Through major changes in
cleaning solvents, steam machines that create almost unbearable
conditions in the summer and some events that wreaked havoc on
the family business, Clayton Cleaners has proven to be a
survivor.
"It's always been part
of our philosophy to memorize our customers' names, and
hopefully learn where they work and where they live."

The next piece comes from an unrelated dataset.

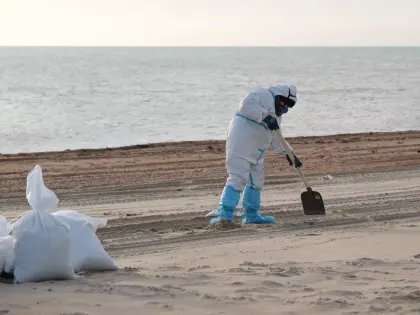 37 тыс. тонн замазученного песка собрали с пляжей Анапы и Темрюкского района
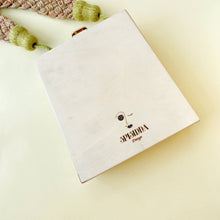 Load image into Gallery viewer, Borsa realizzata a mano con fiori all&#39;uncinetto Spisidda design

Robert Poirier says. "That way, the customers know that
they aren't just a number to us." You
could say the customers are like family, but the workers are the
real thing. The third generation of founders Clayton and Beulah
Dupuis' family now manage the business. Their grandson, David
Dupuis, is the general manager while his mother, Dorothy Dupuis,
and Uncle Robert Poirier own the company. Clayton
Cleaners started in 1947 when Clayton and Beaulah Dupuis both
out a small pressing and tailoring shop in Bay City after moving
from Detroit. Clayton Dupuis was actually a baker, but most of
his family lived in Bay City and owned bakeries. Not wanting to
be in competition with his other family members, he moved into
the cleaning and pressing business. The
business grew when the couple purchased dry-cleaning equipment,
and later pressing machines for men's shirts. Men's shirts are
the biggest part of the business today. Clayton's washed and
presses about 400 shirts a day, six days a week. Today,
the business is thriving. In fact, the building on Henry Street
makes some people claustrophobic, David says jokingly. Clothes
on hangers weave a maze through the back room. Huge
baskets in the front overflow with customers' laundry,
everything from leather coats to curtains.